When Liberators Become Occupiers

September 20, 2004 • Commentary

Democratic Senator Zell Miller’s impassioned speech at the Republican National Convention was notable on several counts. The ex‐​Marine seems to have been particularly incensed by the suggestion that U.S. forces in Iraq were occupiers and not liberators. He countered that American troops are never occupiers — that they are, and can only be, liberators.

That is his opinion. But his opinion doesn’t matter. The opinions of the Iraqi people are all that matter.

The U.S. forces that in April 2003 may have been liberators are, today, in September 2004, widely seen as occupiers. These sentiments have been building for months. When asked in April 2004 whether they viewed the U.S.-led coalition as “liberators” or “occupiers,” 71 percent of all respondents said “occupiers.” According to another poll taken in July, two‐​thirds of Iraqis were either “strongly” or “somewhat” opposed to the foreign military presence in their country.

In history, U.S. forces often have been seen as liberators–for example, when they drove foreign armies out of occupied countries. The United States led the forces that drove German troops out of France in 1944. We were seen as liberators; by our acts, and by the sacrifice of thousands of American soldiers, the United States freed the people of France from the yoke of Nazi oppression. U.S. forces, joined by British, Canadian, and other allies, liberated the Dutch and the Belgians just a few months later.

In 1991, American forces liberated Kuwait, a country of dubious origins led by rulers of questionable legitimacy, but nonetheless a sovereign nation‐​state, recognized as such by international law. When Saddam Hussein declared Kuwait a lost province of Iraq, and when he sent Iraqi troops over the border under the pretense of returning the territory to the Iraqi people, few people saw his actions as anything other than unprovoked invasion. A few months later, Kuwaitis welcomed us as liberators when we drove the foreign army from their lands.

Unfortunately, even when their intentions are pure, armies of liberation can become agents of occupation if they do not quickly return power to the subject population. For example, the United States compelled Japanese forces to evacuate Southeast Asia — an act of liberation celebrated by, among others, Ho Chi Minh. But Japanese forces had themselves expelled French forces. And when U.S. policymakers chose to invite the French back into the region, Ho and other Vietnamese nationalists saw perfidy, not magnanimity, in our so‐​called act of liberation.

And, occasionally, U.S. armies of liberation can become not just agents of occupation, but occupiers themselves.
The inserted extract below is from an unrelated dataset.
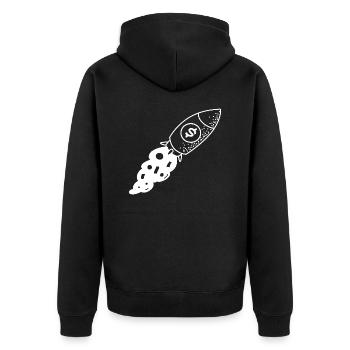 Rakete Geld Dollar - Unisex Premium Bio Zip Hoodie - Schwarz - Hinten - Nico (187cm)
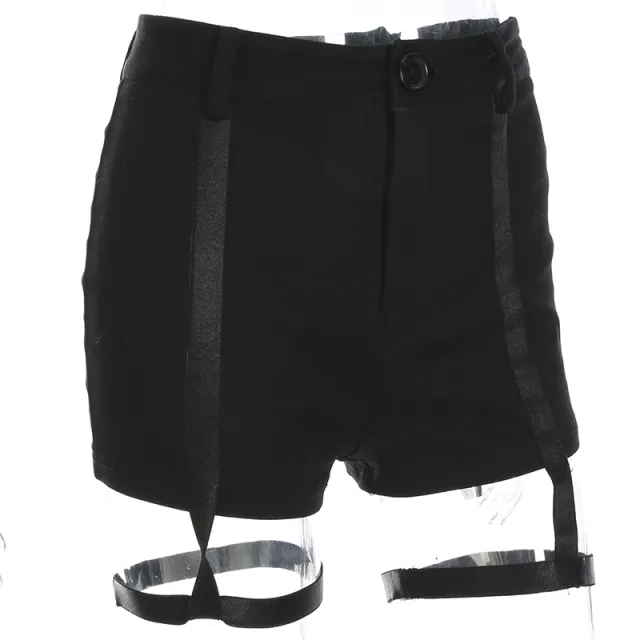 Black Elastic High Waist Slim Shorts Black - Shop at LoveMi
In fairness, and unlike empires of the past, U.S. strategy rarely begins with such war aims. And if our security truly depended upon maintaining U.S. troops indefinitely in a foreign country, then most Americans would support these deployments, and few would care whether our troops were called occupiers.
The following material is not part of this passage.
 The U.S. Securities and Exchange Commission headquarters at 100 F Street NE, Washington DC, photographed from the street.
But U.S. security rarely depends on U.S. troops in foreign lands, and is more often undermined by it. The United States drove the decrepit Spanish Empire from one of its last remaining outposts in the Philippines in 1898, even though Spain posed no threat to the United States. Within a few short months, American plans to turn power over to the Filipino people were scrapped. And U.S. forces found themselves locked in a fight against a bitter insurgency that dragged on for over a decade. A handful of Americans died to liberate the Philippines from the Spanish; over 4,000 died in the struggle to stamp out Filipino independence. As tragic as those deaths were, they were exceeded in number by those on the other side. Some estimates place the Filipino death toll at more than 200,000.
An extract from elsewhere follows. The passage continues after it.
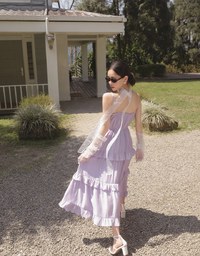 Layered Ruffle Hem Spaghetti Strap Cami Maxi Dress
We are in danger of repeating our mistakes from a century ago. In 2003, a foreign army did not occupy Iraq, and its bloody ruler was beholden to no foreign power. Saddam Hussein was a tyrant, but he was an Iraqi. The goal of U.S. policy should be to hand over real, full, and genuine sovereignty to the Iraqi people, who must then work out their own destiny, on the understanding that their actions not pose a threat to the United States. And we must leave. If we do not, then the noble intentions behind the U.S. invasion of Iraq will be completely overshadowed by the humiliation of the occupation.